Kapitelvorträge für die Oblaten 1873-1899

      

Kapitel vom 18.05.1898: Über das Oblaten-Sein

Meine Freunde, es geht darum, dass wir Ordensleute werden. Der wertvollste Schatz, den jeder hat, ist die Gabe, die ihn zu dem macht, was er sein soll. Wenn ein Mensch auf Grund seines Berufes etwas ist, seine Amtspflichten aber nicht erfüllt, dann ist er kein Mensch, sondern eine Drahtpuppe, die den verwirklichten Mensch zu vertreten hat. Hält man andererseits darauf, einzig und allein seinen Verpflichtungen nachzukommen, ist man also ein Pflichtmensch, dann lässt sich auf der Welt nichts Besseres finden als das.

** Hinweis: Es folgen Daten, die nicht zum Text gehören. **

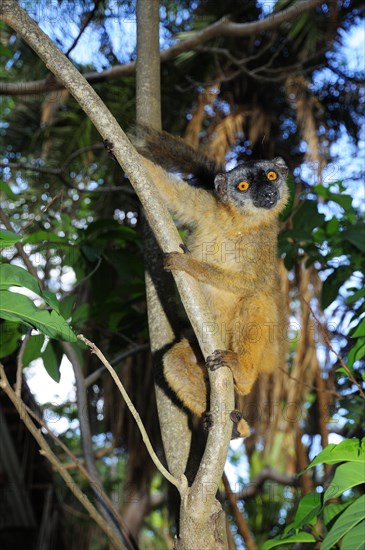 Common brown lemur (Eulemur fulvus mayottensis)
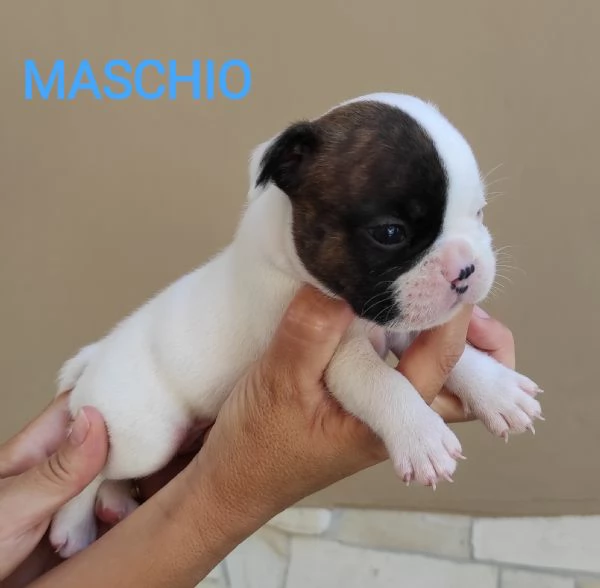 Cuccioli di bulldog Francese  | Foto 4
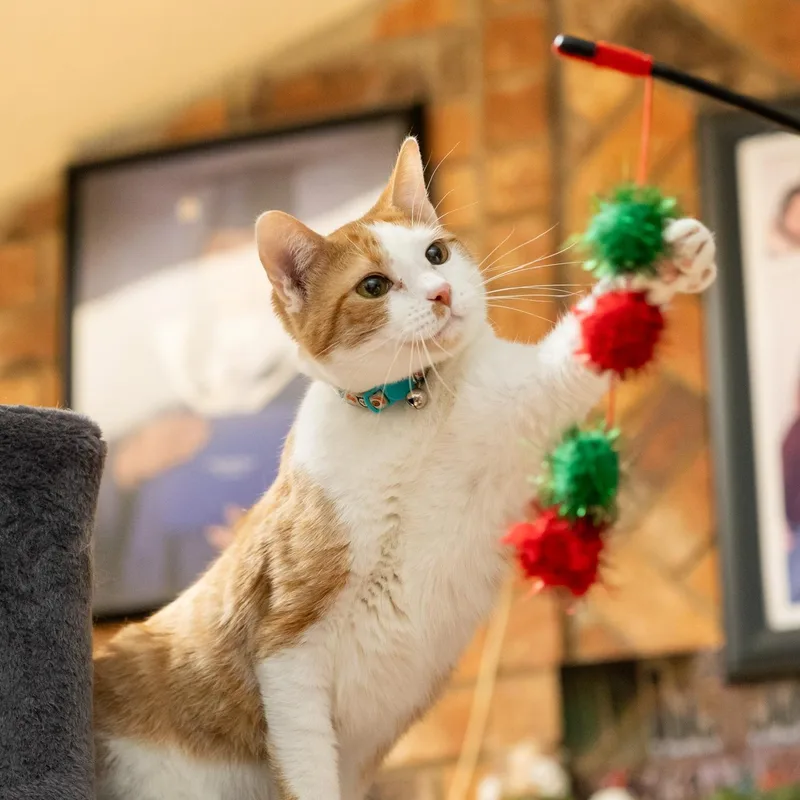 Whiskers thumbnail 5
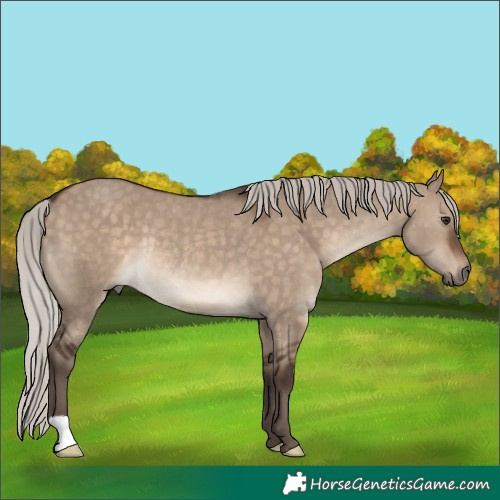 Horse Color:Silver Brown Dun Rabicano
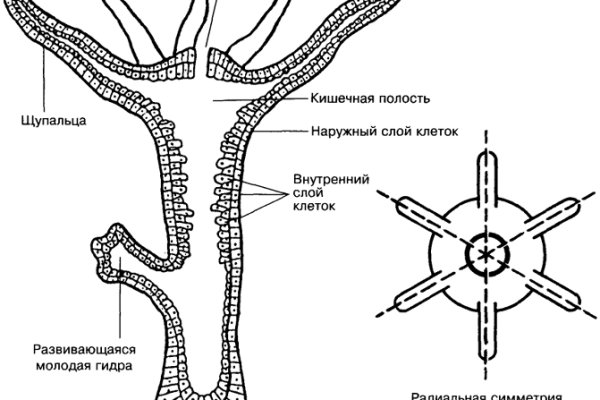 Мега ссылка на зеркало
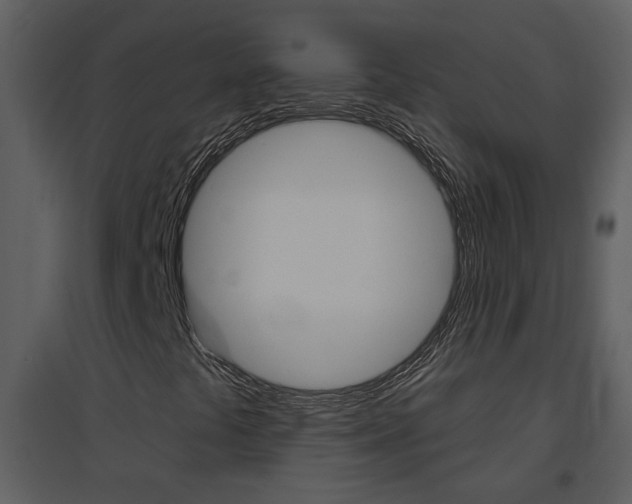 X0000094791441200711160905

Lamartine schrieb eine Notiz über Bossuet, die mit den Worten beginnt: „Er war ein Priester. Betrachtet ihn nur in allen Situationen seines Lebens. Auch die fruchtbarste Phantasie kann in ihm nichts anderes feststellen.“ Ebenso sollte man das von uns sagen können: Es sind Ordensleute.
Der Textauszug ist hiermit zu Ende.